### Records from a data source

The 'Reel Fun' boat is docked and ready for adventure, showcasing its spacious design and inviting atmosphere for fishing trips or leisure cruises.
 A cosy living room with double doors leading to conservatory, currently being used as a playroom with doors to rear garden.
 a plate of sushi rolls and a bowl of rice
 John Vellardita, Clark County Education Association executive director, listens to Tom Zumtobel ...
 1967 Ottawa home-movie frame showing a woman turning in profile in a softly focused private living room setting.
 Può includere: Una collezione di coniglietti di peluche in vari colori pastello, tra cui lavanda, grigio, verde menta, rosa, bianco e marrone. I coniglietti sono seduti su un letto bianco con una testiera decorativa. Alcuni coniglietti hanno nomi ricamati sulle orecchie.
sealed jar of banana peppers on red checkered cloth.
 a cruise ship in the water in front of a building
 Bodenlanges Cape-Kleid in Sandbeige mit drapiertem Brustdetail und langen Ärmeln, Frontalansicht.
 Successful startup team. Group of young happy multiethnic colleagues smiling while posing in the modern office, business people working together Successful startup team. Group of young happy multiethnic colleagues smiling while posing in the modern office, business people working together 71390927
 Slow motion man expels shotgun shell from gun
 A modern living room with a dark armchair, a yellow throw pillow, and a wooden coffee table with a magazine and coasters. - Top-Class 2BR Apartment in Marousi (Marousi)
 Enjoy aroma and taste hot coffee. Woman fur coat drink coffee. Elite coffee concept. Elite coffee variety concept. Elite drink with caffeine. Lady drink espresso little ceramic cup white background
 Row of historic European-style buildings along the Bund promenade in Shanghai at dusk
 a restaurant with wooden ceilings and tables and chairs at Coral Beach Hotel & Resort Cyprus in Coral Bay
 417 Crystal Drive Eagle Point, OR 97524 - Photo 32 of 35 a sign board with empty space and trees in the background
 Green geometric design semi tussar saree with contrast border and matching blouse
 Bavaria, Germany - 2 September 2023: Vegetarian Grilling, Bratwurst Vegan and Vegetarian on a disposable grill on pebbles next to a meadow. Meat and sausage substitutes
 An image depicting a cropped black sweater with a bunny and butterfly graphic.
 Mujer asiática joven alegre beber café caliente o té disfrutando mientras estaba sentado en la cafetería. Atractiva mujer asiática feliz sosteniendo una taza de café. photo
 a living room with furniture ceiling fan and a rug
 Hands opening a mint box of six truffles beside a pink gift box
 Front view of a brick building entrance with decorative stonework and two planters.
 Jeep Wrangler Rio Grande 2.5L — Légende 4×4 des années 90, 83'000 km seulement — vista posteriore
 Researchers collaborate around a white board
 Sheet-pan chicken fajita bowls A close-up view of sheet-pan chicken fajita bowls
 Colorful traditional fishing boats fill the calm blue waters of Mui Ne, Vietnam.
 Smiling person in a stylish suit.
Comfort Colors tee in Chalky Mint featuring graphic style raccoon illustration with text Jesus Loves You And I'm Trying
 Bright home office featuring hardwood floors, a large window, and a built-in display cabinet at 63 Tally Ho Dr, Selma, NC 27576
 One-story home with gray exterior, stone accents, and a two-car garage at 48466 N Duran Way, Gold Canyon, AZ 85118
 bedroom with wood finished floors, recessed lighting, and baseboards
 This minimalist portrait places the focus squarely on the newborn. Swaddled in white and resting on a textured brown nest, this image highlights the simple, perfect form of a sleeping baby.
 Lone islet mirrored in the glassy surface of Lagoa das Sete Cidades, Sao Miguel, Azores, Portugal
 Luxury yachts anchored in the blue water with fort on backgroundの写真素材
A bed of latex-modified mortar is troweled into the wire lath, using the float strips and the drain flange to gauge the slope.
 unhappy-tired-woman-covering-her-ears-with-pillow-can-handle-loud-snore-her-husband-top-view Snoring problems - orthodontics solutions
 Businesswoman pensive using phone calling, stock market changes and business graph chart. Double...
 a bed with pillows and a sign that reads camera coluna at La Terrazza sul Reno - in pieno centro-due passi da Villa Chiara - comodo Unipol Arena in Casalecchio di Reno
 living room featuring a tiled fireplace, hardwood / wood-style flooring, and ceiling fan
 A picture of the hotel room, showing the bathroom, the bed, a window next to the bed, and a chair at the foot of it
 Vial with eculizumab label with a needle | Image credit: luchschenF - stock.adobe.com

### EXERCISE
State the number of lines in the records above that contain the string "design", and give nothing else.

### RESPONSE
2